Natürlich müssen wir bessere Rahmenbedingungen haben für die Vereinbarung von Familie und Job! Deutlich bessere sogar, damit eine Wahlfreiheit besteht. Aber nur weil es mehr Kitaplätze gibt, ändert das doch nichts an meinem schlechten Gewissen, wenn ich oder der Papa es nicht pünktlich zum Abholen in die Kita schaffen und das Kind warten muss. Da geht es nicht um Rahmenbedinungen, sondern um Gefühle. Und genau diese Gefühle führt Kristina Schröder an, wenn sie über ihren Rücktritt als Ministerin spricht. Leider leider sagt sie dabei auch so Dinge wie (Zitat aus Spiegel Online-Text): Dass Frauen nach der Geburt die berufsbedingte Trennung vom Kind weit schwerer falle als Männern. Und ihr drüfte klar sein, in welches Wespennest sie sich damit mal wieder setzt, denn so etwas zu verallgemeinern, das kann man wohl mehr als fahrlässig nennen. Mein Mann jedenfalls findet es genauso schlimm, wie ich, wenn er ein weinendes, trauriges Kind in der Kita zurücklassen muss.. Trotzdem kann ich folgenden Satz von Schröder nachvollziehen: „Ich habe viele schöne Momente mit meiner Tochter verpasst. Oft hatte ich das Gefühl, zu wenig Zeit mit der Kleinen zu haben. Künftig möchte ich mehr von meiner Familie haben.“ Sie wird, wenn es gut läuft, 50 Jahre ihres Lebens mit Arbeit verbringen, was sind dann schon zwei oder drei oder zehn, in denen sie jobtechtnisch kürzer tritt und dafür ihr Kind begleitet, weil ihr und dem Kind das eben gut tut? Müssen wir denn immer nur wirtschaftlich denken? Das gilt übrigens auch für die Väter, die ja noch gern als arbeitsunwillig oder faul verschrien werden, wenn sie zu Hause bei den Kindern bleiben oder eben zumindest im Büro kürzer treten. Wenn sich das für sie genau richtig anfühlt, dann ist das genau richtig!

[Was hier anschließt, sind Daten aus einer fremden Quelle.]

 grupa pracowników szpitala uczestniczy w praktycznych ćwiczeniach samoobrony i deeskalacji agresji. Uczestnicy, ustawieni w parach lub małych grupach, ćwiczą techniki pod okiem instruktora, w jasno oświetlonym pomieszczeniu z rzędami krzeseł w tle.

Ich hätte vor den Kindern auch nicht gedacht, dass ich so etwas einmal sagen würde, aber als meine Tochter immer heulend aus der Nachmittagsbetreuung kam, dachte ich mir irgendwann auch einfach: Ist mein nächstes Projekt jetzt wirklich wichtiger als das Befinden meines Kindes? Nö. Also habe ich jetzt weniger Job-Zeit, dafür aber eine glücklichere Tochter. Das ist mir wichtiger. Und wenn andere das anders machen, dann ist das auch vollkommen okay. Jedem das, was er mag und braucht.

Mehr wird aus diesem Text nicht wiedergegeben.